Date of Original Version
All Rights Reserved
Abstract or Description
This paper aims to tackle two fundamental memory bottlenecks: limited off-chip bandwidth (bandwidth wall) and long access latency (memory wall). To achieve this goal, our approach exploits the inherent error resilience of a wide range of applications. We introduce an approximation technique, called Rollback-Free Value Prediction (RFVP). When certain safe-to-approximate load operations miss in the cache, RFVP predicts the requested values. However, RFVP never checks for or recovers from load value mispredictions, hence avoiding the high cost of pipeline flushes and re-executions. RFVP mitigates the memory wall by enabling the execution to continue without stalling for long-latency memory accesses. To mitigate the bandwidth wall, RFVP drops some fraction of load requests which miss in the cache after predicting their values.
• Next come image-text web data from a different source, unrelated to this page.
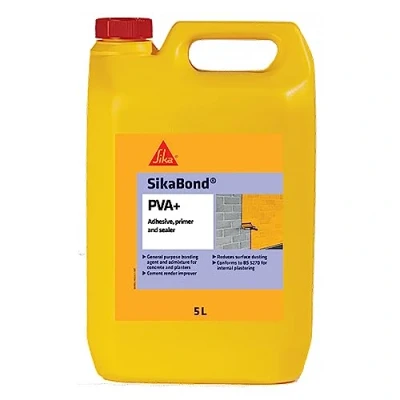 Image of Sika Sikabond PVA+ Multipurpose Primer, Adhesive, Bonding Agent, Sealer and Dustproofer for Wood, Crock Textiles 5 Litre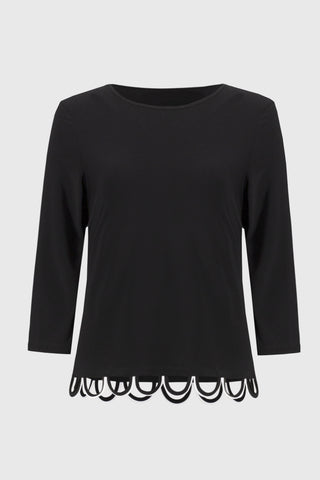 Silky Knit Loop Detail Fitted Top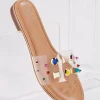 Online Stone Lucite Slide Sandals Women Flats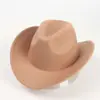 Chapéu de Cowboy Ocidental Europeu e Americano com Aba Curva Outono e Inverno Novo Chapéu de Jazz de Lã Retrô Chapéu Coco de Feltro Transfronteiriço para Homens e Mulheres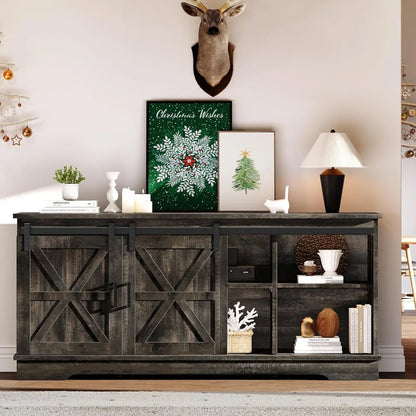 TV Cabinet with Wooden Sliding Barn Door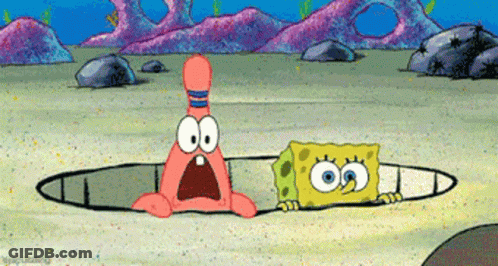 SpongeBob And Patrick Looking Out Of Hole In Sand GIF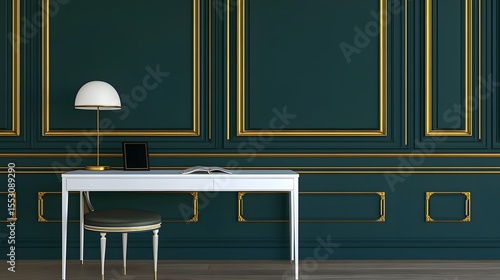 Elegant Teal and Gold Home Office Desk Setup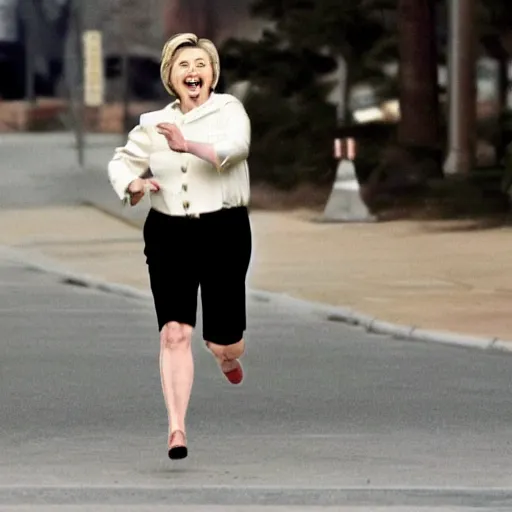 Prompt: large hillary clinton chasing after envelopes running away in fear, cctv footage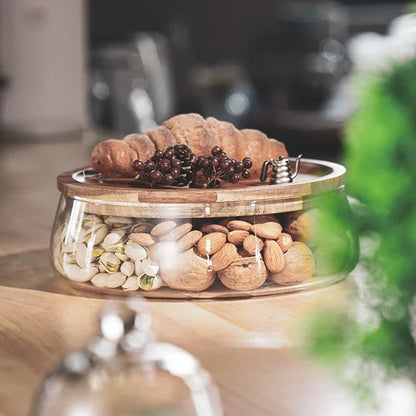 Glazen Voorraadpot met Houten Deksel voor Keuken & Voorraad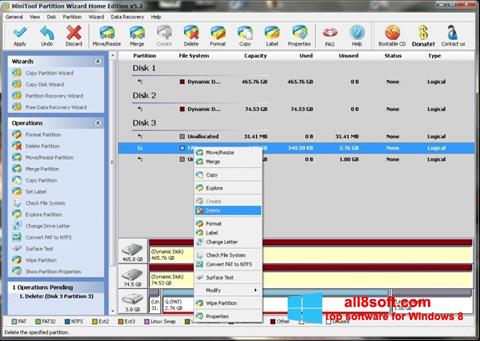Képernyőkép MiniTool Partition Wizard Windows 8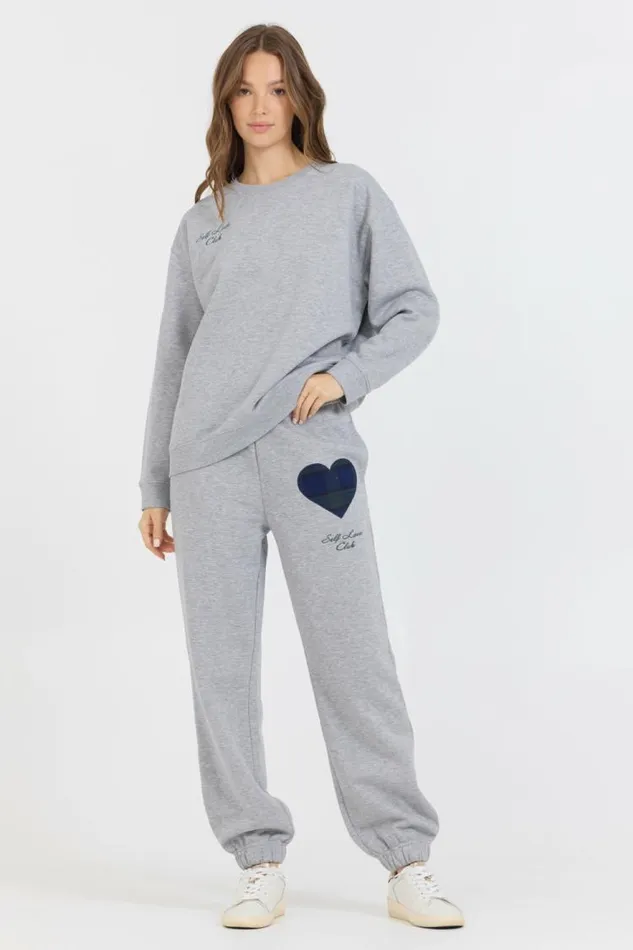 Women Vintage Havana Joggers Heather Grey Essential Fleece Jogger W Self Love Club Jogger Heather Grey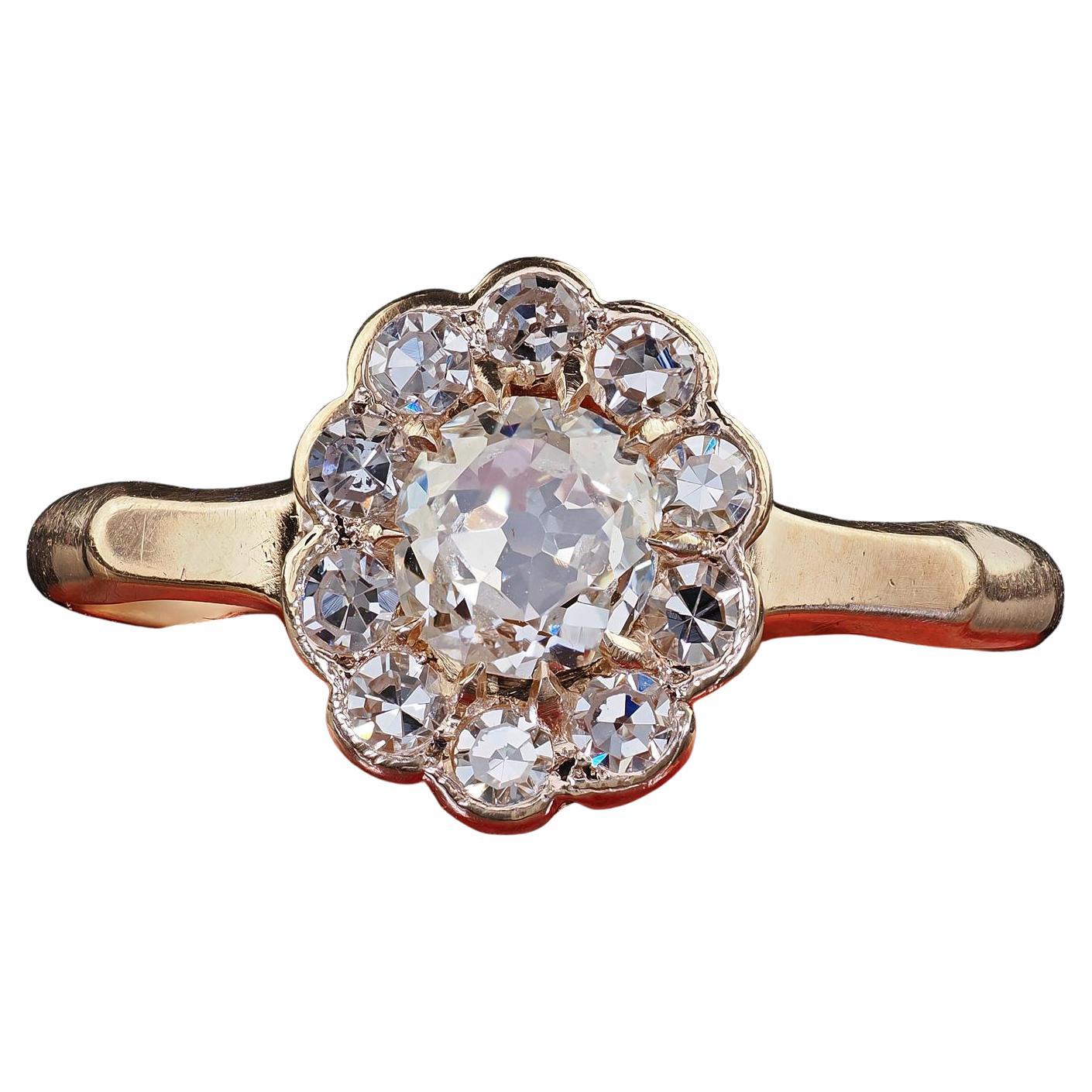 Antique Victorian 9K Yellow Gold Old Mine Diamond Cluster Engagement Ring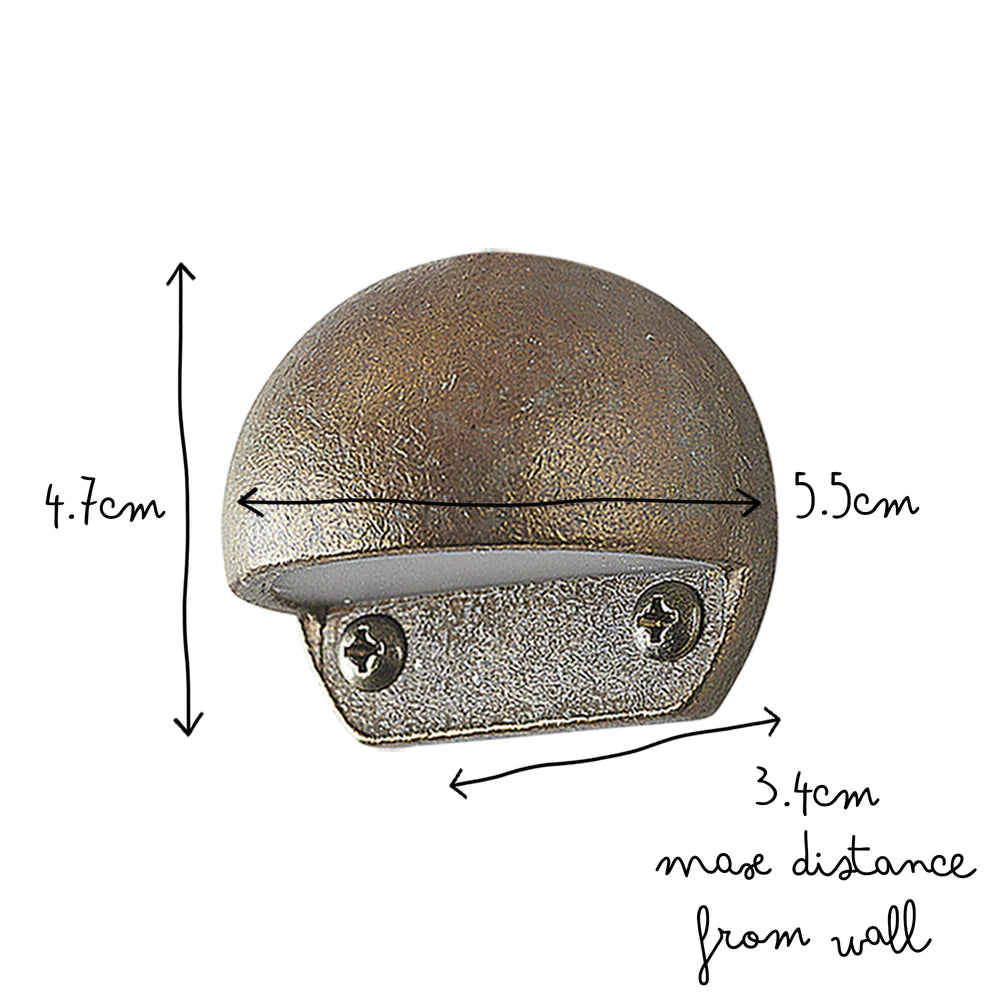 Pooky Mousehole IP65 Outdoor Path Wall Light in Aged Brass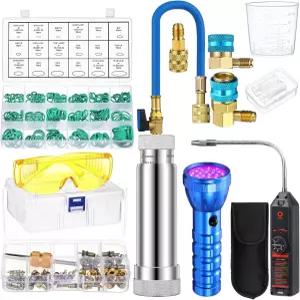 텔레글로우 AC 누출 감지 키트 R1234yf R134a R410a UV 염료 인젝터 냉매 도구 사이드 퀵 커플러 미니
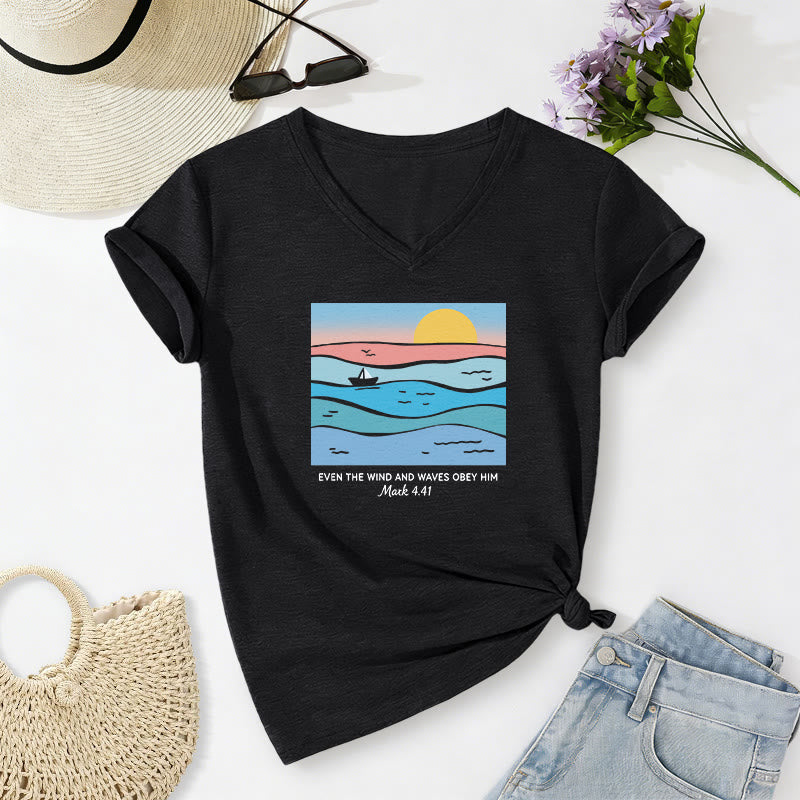 Christianartworkshop Even The Wind And Waves Obey Him Mark 4:41 Ocean Sunset Graphic Casual V-neck T-shirt - Black - 2XL - image 12
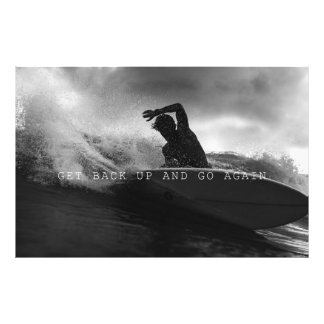 Get Back Up And Go Again - Surfer battling rough   Photo Print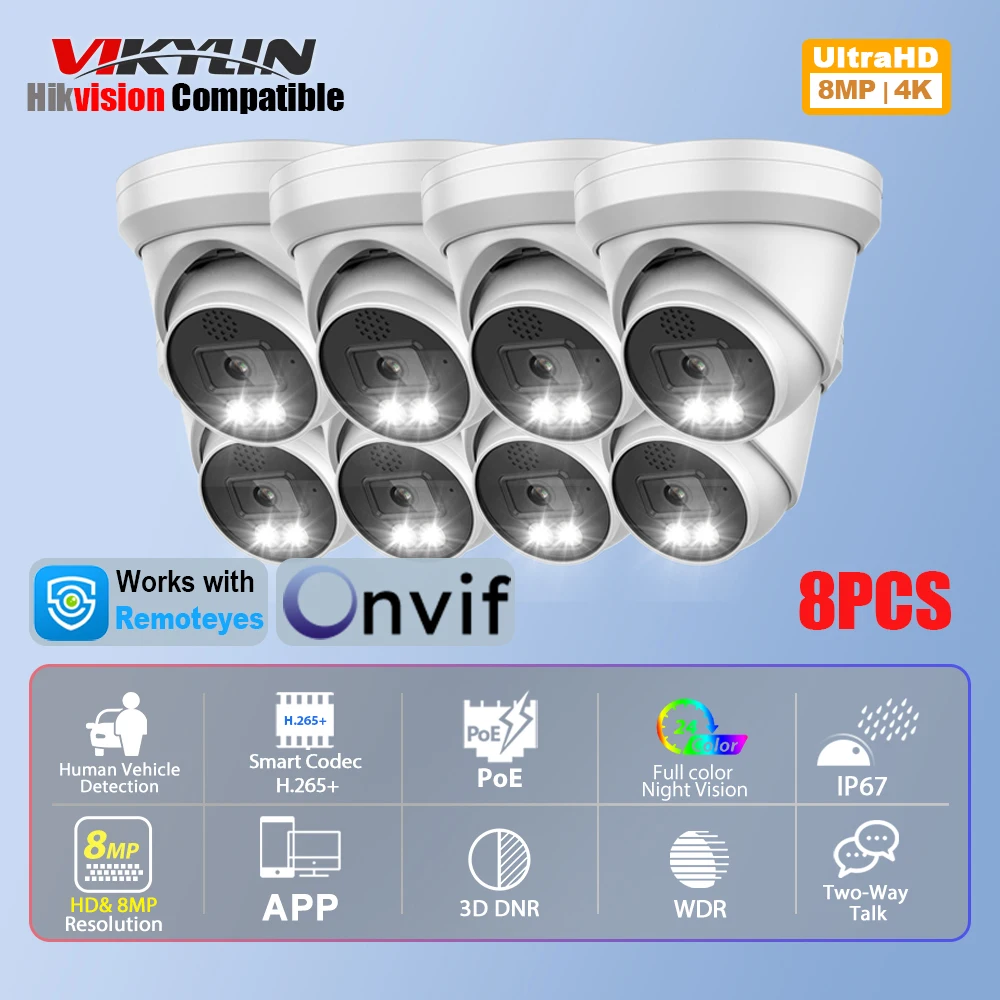 

Vikylin Hikvision Compatible 6/8MP Full Color Night VisionIP Camera Two-way Audio Video Surveillance IP66 Security Camera onvif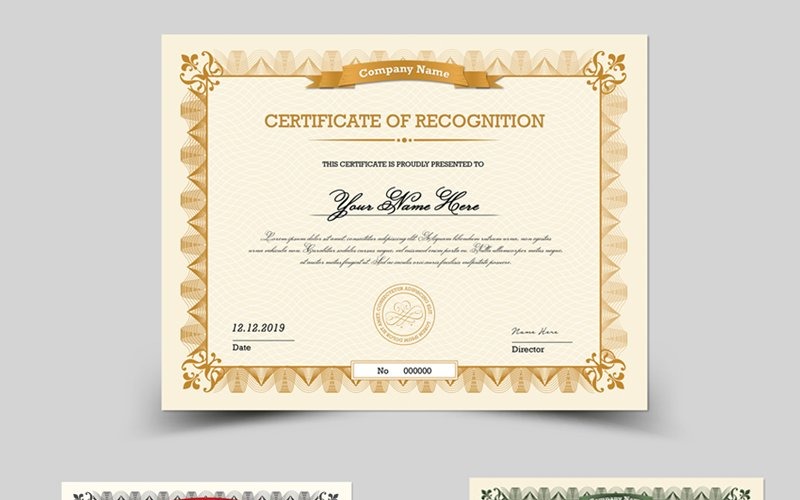 Download Шаблон сертификата "Recognition Certificate Template" / Recognition Certificate Template - Шаблон сертификата на тему графика certificate,recognition,appreciation,achievement,award,academic,diploma,school,office,creative,modern,clean,professional,template,corporate,psd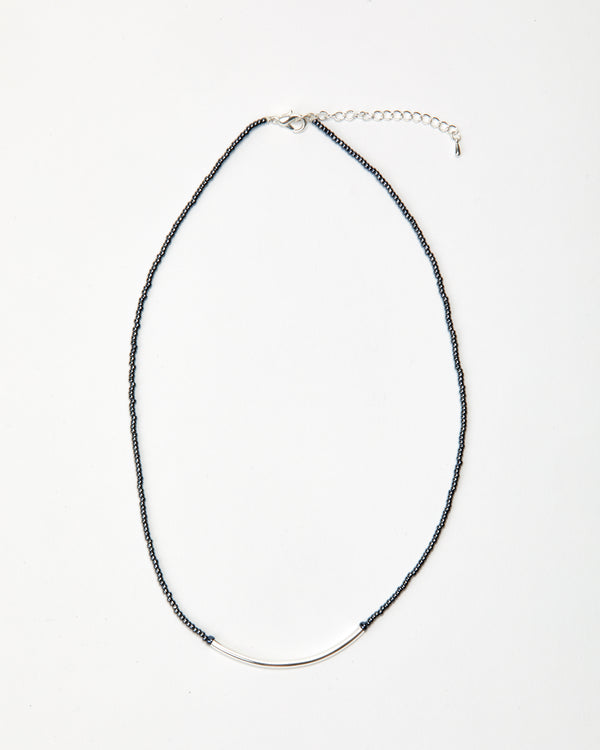 Seed Bead Silver Bar Necklace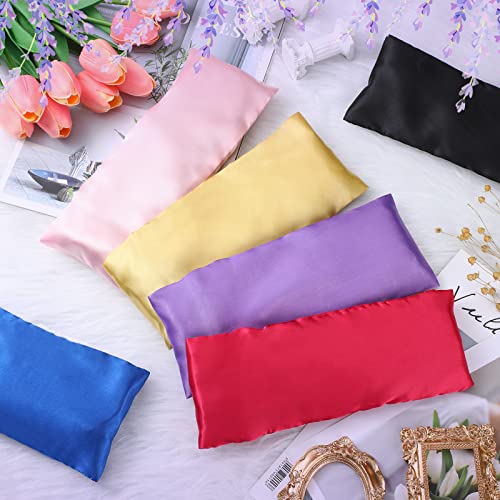 Tudomro 6 Pieces Satin Eye Pillow Case Washable Yoga Eye Pillow Cover Light Weight Removable Cover Yoga Massage Meditation Accessories, 9.8 x 4 Inches, Pillow Not Included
Dropping requests reduces memory bandwidth contention by removing them from the system. The drop rate then becomes a knob to control the tradeoff between performance/energy efficiency and output quality.
For a diverse set of applications from Rodinia, Mars, and NVIDIA SDK, employing RFVP with a 14KB predictor per streaming multiprocessor (SM) in a modern GPU delivers, on average, 40% speedup and 31% energy reduction, with average 8.8% quality loss. With 10% loss in quality, the benefits reach a maximum of 2.4× speedup and 2.0× energy reduction. As an extension, we also evaluate RFVP’s latency benefits for a single core CPU. For a subset of the SPEC CFP 2000/2006 benchmarks that are amenable to safe approximation, RFVP achieves, on average, 8% speedup and 6% energy reduction, with 0.9% average quality loss.